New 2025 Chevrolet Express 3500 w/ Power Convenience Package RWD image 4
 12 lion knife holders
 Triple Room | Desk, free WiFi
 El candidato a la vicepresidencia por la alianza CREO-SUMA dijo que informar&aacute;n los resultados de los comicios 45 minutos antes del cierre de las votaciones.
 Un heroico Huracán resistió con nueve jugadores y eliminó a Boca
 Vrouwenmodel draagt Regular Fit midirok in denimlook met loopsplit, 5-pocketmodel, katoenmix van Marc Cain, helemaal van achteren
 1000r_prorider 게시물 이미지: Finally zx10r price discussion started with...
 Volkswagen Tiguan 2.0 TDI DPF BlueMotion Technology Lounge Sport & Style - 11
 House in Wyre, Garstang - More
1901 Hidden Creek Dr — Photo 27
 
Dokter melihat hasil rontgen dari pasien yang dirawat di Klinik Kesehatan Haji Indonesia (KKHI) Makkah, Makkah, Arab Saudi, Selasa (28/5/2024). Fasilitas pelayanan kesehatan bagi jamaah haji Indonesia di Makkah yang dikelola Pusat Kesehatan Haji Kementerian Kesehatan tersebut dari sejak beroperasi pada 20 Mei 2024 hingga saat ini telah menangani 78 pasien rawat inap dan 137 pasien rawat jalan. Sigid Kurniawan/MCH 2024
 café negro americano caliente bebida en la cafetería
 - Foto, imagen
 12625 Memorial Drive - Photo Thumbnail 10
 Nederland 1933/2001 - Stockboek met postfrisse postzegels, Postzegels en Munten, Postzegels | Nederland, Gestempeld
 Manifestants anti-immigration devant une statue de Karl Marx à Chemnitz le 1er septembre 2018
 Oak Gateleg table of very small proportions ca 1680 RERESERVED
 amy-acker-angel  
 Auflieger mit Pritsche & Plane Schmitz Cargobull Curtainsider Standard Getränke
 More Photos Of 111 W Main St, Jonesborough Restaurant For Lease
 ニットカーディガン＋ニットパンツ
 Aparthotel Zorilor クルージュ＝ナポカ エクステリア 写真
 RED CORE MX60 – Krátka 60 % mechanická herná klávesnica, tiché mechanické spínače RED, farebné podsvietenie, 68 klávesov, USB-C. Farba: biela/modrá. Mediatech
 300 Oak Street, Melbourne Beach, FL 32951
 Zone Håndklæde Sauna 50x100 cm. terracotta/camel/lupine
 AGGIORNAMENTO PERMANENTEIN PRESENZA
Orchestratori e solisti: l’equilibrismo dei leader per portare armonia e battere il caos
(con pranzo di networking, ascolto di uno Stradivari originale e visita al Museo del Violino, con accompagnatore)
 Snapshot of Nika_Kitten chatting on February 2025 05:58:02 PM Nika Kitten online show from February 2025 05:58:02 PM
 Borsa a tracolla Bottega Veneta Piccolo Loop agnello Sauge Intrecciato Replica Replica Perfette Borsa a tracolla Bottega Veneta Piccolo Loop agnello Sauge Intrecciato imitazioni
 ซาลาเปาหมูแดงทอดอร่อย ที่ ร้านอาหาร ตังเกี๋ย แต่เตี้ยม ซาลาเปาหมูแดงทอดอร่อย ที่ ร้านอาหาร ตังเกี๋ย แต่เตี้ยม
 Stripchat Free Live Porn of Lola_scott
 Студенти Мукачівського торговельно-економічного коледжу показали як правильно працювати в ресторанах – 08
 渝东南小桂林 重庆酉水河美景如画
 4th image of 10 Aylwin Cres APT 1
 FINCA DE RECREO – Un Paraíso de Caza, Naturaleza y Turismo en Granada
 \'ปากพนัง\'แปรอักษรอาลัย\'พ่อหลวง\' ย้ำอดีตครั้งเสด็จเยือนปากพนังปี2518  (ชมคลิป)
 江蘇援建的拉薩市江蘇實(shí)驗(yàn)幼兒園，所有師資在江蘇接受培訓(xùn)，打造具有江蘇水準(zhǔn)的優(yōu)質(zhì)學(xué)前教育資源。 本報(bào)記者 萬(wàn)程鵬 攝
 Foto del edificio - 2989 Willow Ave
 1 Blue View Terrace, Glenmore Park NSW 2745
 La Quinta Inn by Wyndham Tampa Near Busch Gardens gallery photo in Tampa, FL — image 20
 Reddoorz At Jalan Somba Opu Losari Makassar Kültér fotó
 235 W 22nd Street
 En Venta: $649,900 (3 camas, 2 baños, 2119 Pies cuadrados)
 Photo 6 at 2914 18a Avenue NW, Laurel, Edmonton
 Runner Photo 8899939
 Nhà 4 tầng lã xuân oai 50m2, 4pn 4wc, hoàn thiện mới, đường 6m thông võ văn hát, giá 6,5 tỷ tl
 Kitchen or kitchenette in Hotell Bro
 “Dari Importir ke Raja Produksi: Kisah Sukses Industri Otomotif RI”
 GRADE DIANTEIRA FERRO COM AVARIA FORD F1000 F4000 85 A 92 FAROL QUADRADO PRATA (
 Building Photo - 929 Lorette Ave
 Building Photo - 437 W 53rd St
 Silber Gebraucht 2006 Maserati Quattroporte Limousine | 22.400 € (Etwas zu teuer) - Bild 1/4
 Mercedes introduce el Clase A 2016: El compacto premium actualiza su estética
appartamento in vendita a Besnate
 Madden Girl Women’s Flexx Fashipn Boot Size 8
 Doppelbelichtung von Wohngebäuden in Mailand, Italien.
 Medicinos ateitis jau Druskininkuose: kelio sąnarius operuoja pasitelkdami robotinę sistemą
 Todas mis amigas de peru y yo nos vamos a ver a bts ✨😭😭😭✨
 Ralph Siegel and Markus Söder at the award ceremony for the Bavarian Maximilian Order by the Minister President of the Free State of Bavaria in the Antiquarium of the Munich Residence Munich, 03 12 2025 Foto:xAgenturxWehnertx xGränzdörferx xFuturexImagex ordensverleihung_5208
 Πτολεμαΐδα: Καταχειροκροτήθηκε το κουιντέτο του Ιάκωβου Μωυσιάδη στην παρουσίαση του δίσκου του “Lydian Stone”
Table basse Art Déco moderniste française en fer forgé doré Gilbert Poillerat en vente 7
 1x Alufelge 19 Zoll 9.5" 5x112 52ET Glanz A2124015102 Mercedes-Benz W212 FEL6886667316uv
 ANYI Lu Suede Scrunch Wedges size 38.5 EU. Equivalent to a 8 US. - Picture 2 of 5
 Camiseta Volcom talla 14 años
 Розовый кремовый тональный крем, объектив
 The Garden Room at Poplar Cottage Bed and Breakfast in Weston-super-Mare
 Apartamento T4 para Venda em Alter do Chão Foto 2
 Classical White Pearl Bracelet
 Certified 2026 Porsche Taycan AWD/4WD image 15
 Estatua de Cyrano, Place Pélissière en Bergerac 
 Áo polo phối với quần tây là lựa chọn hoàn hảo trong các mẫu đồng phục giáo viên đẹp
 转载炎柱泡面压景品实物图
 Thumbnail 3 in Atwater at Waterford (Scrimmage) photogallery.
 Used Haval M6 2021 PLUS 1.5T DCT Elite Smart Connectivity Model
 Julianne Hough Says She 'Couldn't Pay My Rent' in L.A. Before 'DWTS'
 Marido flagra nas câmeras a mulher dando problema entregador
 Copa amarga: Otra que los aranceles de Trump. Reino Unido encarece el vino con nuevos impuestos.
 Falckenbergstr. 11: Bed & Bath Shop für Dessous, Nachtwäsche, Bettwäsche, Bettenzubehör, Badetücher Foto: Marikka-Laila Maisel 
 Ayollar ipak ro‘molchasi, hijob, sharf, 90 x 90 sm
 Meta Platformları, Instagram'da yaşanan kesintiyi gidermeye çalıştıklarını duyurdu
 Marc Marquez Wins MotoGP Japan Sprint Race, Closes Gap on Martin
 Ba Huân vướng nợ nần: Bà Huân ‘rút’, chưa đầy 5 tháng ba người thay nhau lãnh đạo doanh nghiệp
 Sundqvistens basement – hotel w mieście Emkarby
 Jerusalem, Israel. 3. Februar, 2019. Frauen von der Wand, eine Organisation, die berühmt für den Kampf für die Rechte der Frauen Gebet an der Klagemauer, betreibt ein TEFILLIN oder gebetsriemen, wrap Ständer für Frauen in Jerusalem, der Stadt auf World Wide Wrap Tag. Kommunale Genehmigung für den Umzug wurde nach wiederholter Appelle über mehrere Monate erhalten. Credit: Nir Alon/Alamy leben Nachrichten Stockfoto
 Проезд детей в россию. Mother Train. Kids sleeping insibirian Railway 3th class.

YOUR OBJECTIVE. The range runs from the line above containing "Medicinos ateitis jau" to the line containing "Πτολεμαΐδα: Καταχειροκροτήθηκε το", inclusive. Restate those lines word for word and no others.

FINAL ANSWER.
 Medicinos ateitis jau Druskininkuose: kelio sąnarius operuoja pasitelkdami robotinę sistemą
 Todas mis amigas de peru y yo nos vamos a ver a bts ✨😭😭😭✨
 Ralph Siegel and Markus Söder at the award ceremony for the Bavarian Maximilian Order by the Minister President of the Free State of Bavaria in the Antiquarium of the Munich Residence Munich, 03 12 2025 Foto:xAgenturxWehnertx xGränzdörferx xFuturexImagex ordensverleihung_5208
 Πτολεμαΐδα: Καταχειροκροτήθηκε το κουιντέτο του Ιάκωβου Μωυσιάδη στην παρουσίαση του δίσκου του “Lydian Stone”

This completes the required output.